A structured set of objections, weighed in public.

Desk editor's note, referee report, simulated authors' rebuttal, and a circularity audit. Tearing a paper down is the easy half of reading it; the pith above is the substance, this is the friction.

Desk Editor's Note private letter to a colleague

ChemCrow gives a concrete example of wiring 18 chemistry tools to an LLM agent and running it on real synthesis targets, but the autonomy and evaluation claims need tighter documentation to hold up fully.

read the letter

ChemCrow is a working demonstration of an LLM agent equipped with chemistry tools that can handle planning for real synthesis targets. The authors report autonomous execution on an insect repellent, three organocatalysts, and a novel chromophore discovery. This combination of 18 tools with the agent framework is the concrete new element, and it shows how to bridge the gap between computational tools and experimental chemistry without requiring the model to internalize all the details. What the paper does well is lay out a clear set of tools and show results on diverse tasks. The dual assessment with LLM and expert judges is a straightforward way to check the quality of the plans and outcomes. It lowers the barrier for non-experts while giving experts a starting point for more complex work. The soft spots center on the autonomy and the surprising evaluation result. The stress-test point holds: the paper needs to show that the successful trajectories had no human edits or post-hoc selection, otherwise the autonomy claim is not fully supported by the evidence presented. Similarly, the finding that GPT-4 cannot distinguish wrong GPT-4 outputs from ChemCrow's requires a clearer description of the test setup to be convincing. These are not fatal but they mean the central claims are only partially backed so far. This paper is for people in computational chemistry and AI agents who are interested in practical applications. It gives value to readers who want to replicate or extend tool-augmented systems in science. It deserves a serious referee because the implementation is specific and the results are tied to actual chemical outcomes, which makes it worth the time to review and improve. I would send it to peer review.

Referee Report

2 major / 2 minor

Summary. The manuscript introduces ChemCrow, an LLM-based agent augmented with 18 expert-designed chemistry tools to address tasks in organic synthesis, drug discovery, and materials design. It reports that the agent autonomously planned and executed syntheses of an insect repellent, three organocatalysts, and guided discovery of a novel chromophore, with supporting evaluations from both LLMs and human experts. The work also claims that GPT-4 evaluators cannot distinguish ChemCrow outputs from clearly incorrect GPT-4 completions.
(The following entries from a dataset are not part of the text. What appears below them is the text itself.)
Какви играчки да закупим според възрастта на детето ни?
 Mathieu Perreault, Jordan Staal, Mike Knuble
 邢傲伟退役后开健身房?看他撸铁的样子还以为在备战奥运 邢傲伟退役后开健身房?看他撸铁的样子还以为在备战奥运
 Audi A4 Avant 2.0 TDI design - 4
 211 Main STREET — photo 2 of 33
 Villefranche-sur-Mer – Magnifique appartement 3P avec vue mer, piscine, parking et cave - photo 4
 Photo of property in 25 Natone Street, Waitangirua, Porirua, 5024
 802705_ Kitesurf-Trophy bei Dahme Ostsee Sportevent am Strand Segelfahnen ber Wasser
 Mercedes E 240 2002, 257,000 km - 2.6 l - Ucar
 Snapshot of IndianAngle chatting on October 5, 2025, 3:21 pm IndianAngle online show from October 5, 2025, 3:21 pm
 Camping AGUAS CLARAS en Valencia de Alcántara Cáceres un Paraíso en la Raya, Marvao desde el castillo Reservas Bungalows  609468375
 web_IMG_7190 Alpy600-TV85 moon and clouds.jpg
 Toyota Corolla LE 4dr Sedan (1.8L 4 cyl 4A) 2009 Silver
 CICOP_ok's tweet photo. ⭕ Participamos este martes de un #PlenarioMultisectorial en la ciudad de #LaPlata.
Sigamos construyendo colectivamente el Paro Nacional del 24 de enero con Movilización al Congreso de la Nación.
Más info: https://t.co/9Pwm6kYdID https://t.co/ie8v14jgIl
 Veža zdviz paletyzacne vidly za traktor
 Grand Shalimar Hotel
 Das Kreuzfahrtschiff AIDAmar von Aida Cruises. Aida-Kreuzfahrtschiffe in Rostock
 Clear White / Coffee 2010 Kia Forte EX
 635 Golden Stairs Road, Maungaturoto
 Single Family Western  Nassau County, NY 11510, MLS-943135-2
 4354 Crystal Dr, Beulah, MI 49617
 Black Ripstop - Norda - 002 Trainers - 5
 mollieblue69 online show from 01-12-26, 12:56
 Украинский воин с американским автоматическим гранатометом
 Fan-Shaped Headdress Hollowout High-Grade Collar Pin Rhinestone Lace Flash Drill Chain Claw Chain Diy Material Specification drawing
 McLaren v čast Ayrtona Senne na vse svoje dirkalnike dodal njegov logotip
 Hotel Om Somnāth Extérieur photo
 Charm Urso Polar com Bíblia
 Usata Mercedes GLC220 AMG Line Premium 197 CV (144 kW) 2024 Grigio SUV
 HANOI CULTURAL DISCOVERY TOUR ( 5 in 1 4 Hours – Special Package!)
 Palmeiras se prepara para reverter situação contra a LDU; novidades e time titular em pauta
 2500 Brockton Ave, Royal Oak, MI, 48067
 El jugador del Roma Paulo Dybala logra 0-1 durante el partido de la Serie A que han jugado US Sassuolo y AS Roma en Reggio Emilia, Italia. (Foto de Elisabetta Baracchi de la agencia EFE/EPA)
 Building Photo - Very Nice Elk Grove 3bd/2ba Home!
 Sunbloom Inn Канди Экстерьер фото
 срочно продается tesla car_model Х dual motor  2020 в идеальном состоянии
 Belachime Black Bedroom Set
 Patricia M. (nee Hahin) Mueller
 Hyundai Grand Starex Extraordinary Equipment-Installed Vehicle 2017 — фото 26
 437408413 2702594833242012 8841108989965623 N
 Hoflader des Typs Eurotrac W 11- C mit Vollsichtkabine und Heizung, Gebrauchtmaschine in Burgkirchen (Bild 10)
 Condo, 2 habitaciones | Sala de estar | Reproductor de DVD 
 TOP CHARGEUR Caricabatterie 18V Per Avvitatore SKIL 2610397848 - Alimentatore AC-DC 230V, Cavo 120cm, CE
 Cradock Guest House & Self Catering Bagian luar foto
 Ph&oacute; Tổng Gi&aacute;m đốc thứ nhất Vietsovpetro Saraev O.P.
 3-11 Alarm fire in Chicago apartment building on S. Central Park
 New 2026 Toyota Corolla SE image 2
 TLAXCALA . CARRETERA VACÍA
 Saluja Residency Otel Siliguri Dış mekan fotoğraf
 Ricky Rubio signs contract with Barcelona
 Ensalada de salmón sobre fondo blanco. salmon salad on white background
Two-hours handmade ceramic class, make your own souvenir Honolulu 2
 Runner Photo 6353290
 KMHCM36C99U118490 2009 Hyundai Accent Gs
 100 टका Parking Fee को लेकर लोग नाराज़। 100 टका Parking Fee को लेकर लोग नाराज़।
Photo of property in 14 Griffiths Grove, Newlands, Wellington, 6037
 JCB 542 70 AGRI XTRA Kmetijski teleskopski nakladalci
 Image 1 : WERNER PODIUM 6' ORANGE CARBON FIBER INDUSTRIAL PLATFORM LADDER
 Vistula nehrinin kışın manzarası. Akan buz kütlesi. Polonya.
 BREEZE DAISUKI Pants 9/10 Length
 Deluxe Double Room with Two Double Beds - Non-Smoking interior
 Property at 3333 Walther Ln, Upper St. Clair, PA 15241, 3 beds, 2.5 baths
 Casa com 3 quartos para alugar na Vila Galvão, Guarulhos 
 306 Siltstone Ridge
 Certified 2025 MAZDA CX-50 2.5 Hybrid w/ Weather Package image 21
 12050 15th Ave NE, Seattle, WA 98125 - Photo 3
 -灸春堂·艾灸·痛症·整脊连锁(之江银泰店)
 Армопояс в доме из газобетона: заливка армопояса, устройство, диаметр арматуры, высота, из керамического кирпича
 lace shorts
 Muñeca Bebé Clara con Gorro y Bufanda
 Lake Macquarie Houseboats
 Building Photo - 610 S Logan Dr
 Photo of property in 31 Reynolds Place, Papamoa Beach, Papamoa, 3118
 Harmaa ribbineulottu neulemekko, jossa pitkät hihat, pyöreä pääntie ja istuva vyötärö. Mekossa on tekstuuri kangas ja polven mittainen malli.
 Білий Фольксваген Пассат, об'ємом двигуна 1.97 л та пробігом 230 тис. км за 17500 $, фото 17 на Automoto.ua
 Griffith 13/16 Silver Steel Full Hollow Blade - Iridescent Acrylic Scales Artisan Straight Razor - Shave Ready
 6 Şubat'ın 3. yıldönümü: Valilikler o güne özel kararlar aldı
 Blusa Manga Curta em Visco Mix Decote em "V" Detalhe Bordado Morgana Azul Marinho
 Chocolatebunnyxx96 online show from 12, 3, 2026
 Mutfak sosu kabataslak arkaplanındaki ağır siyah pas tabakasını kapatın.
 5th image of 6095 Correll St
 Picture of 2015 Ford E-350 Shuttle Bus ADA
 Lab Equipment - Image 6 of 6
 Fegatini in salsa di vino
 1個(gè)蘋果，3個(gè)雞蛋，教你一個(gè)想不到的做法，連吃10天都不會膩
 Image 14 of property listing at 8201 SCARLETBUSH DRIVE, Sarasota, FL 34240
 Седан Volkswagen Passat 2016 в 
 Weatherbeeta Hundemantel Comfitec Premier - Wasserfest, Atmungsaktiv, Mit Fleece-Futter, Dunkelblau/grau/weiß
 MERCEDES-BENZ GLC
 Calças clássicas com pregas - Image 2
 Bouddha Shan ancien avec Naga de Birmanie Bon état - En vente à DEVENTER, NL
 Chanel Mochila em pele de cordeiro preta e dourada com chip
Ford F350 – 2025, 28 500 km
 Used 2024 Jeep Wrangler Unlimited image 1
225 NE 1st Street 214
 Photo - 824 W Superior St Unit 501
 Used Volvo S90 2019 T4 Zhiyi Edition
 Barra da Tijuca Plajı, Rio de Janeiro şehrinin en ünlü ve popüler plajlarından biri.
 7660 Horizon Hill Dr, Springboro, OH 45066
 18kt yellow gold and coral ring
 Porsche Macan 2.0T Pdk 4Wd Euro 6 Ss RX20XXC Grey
Significance. If the autonomy and reliability claims are substantiated, the integration of multiple domain-specific tools into a single agent framework would represent a practical advance in making computational chemistry tools more accessible and bridging experimental and computational workflows. The reported case studies provide concrete demonstrations of multi-step planning, which could lower barriers for non-experts while aiding experts.

major comments (2)

[Results] Results (autonomous synthesis cases): The central claim of autonomous planning and execution requires evidence that the reported successful trajectories (insect repellent, organocatalysts, chromophore) were produced without human filtering, correction, or post-hoc selection of paths. The manuscript supplies neither the complete tool-call traces nor an explicit statement confirming absence of human intervention at any step; this directly affects the strength of the autonomy assertion.
[Evaluation] Evaluation section: The claim that GPT-4 cannot distinguish wrong GPT-4 completions from ChemCrow outputs is presented as surprising but lacks sufficient protocol detail, including how the 'clearly wrong' completions were constructed, the exact evaluator prompt, and any error analysis or inter-rater statistics. This weakens support for the evaluation rigor.

minor comments (2)

[Abstract] Abstract and introduction: The phrase 'autonomously planned and executed' should be qualified with a brief note on the scope of human oversight in tool design and result validation to avoid overstatement.
[Methods] Methods: A table listing the 18 tools with brief descriptions and input/output formats would improve reproducibility and clarity.

Simulated Author's Rebuttal

2 responses · 0 unresolved

We thank the referee for their constructive and detailed feedback, which highlights important aspects for strengthening the clarity and rigor of our claims regarding autonomy and evaluation. We have carefully considered each major comment and provide point-by-point responses below, along with our plans for revision.

read point-by-point responses

Referee: [Results] Results (autonomous synthesis cases): The central claim of autonomous planning and execution requires evidence that the reported successful trajectories (insect repellent, organocatalysts, chromophore) were produced without human filtering, correction, or post-hoc selection of paths. The manuscript supplies neither the complete tool-call traces nor an explicit statement confirming absence of human intervention at any step; this directly affects the strength of the autonomy assertion.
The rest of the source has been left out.